You'll need four Class IIIa (5 mW) laser pointers, any combination of blue, green, and red. Blue and green appear brighter than red at the same power output because the eye is more sensitive in the blue-green wavelength region, so I use all blue and green. For eye safety reasons, I don't recommend using higher powered lasers. The beam will generally be split into lots of smaller beams and therefore won't hurt anyone who accidentally looks into the light, but there's no safety mechanism in place to prevent someone from taking an eyeful of un-split laser beam (which could fry an eyeball before the blink reflex kicked in if you used a higher-powered beam). 

Remove the back ends from the lasers. For each laser, use one red and one black alligator clip. The black one should be clipped to the center coil and red one should be clipped onto the outer cylinder as electrical contacts. It helps to use two different colors because the laser pointers have polarity and won't work if they're attached backwards.

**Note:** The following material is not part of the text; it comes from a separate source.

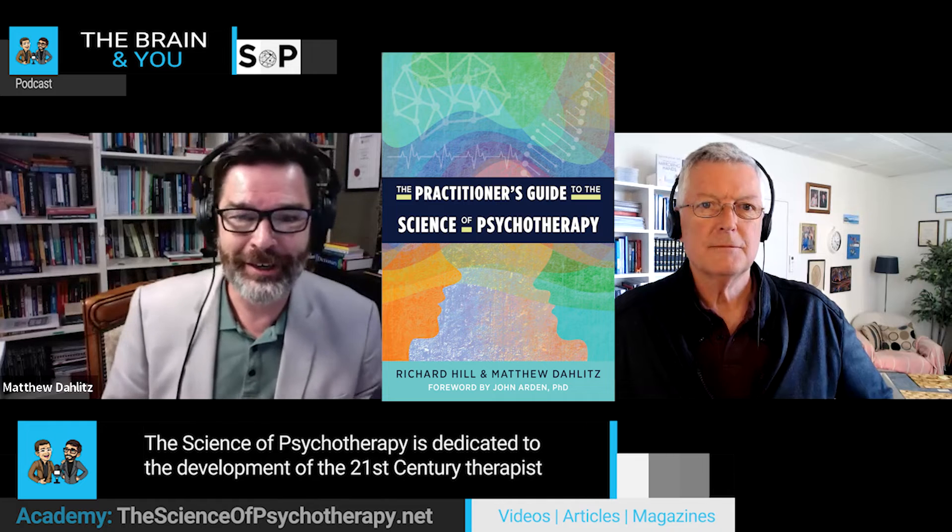Hello and welcome to The Science of Psychotherapy. Thank you so much for joining us here. Once again, we're going to be going through some aspects of our book, The Practitioner's Guide to the Science of Psychotherapy. And I'm here with Richard Hill.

Put rubber bands around the laser pointers to keep their push-buttons pushed in. Rubber band the whole mess together on a mini-tripod (I'm using a Joby Gorillapod.)

Step 2: A Place to Put the Batteries

The circuit is dead simple: run wires from the laser to a switch, to a 2xD battery pack, back to the laser. If it's wired so that the laser works with the black alligator clip clipped to the center coil in the laser, you can use the mnemonic "red to edge" when attaching the alligator clips to remember which way they go. 

The battery box is a Fraggle Rock lunchbox (recommended), but any lunchbox will suffice. Also makes a great place to keep spare batteries, rubber bands, lasers, and maybe some lunch. Because the box is metal, it's super important to make sure there are no exposed wires that could short out, so use lots of heat shrink tubing as necessary.

Two D batteries are sufficient to power a 5 mW laser for a LONG time, like probably several days straight. If it's worth doing, it's worth overdoing.

Step 3: Attach Rotating Stand

The rotating stand needs to support at least 2 pounds and rotate slowly for many hours. Rotating display stands work great for the purpose.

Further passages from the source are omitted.